Data block »
+===+
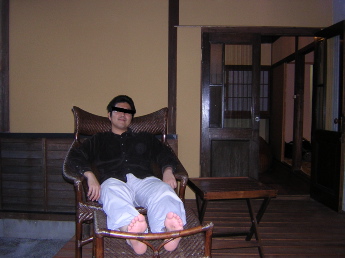 無尽蔵ベランダ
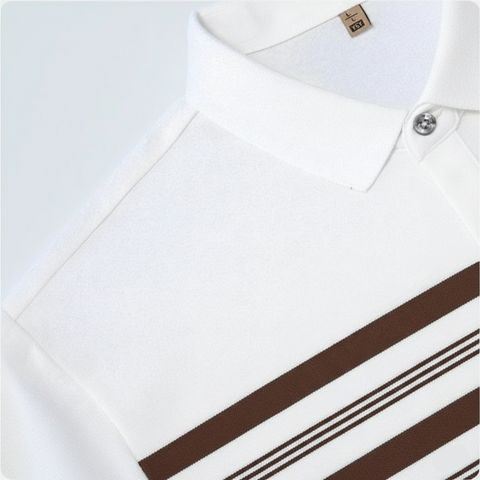 Firenze Strato Polo Shirt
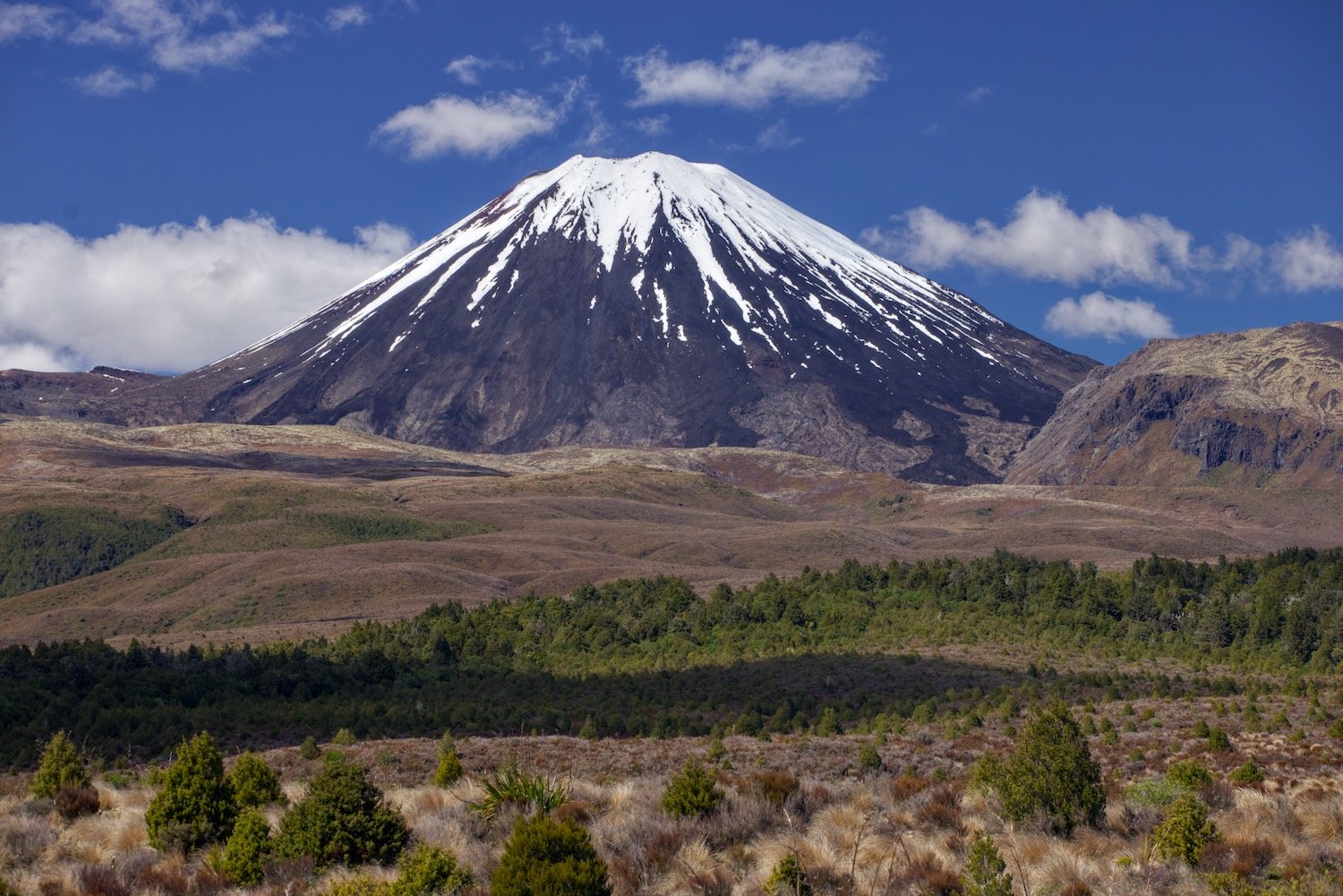 Mount Ngauruhoe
+===+
Assignment » Everything but the pictures is needed: copy the data above exactly.

Solution for this task »
 無尽蔵ベランダ
 Firenze Strato Polo Shirt
 Mount Ngauruhoe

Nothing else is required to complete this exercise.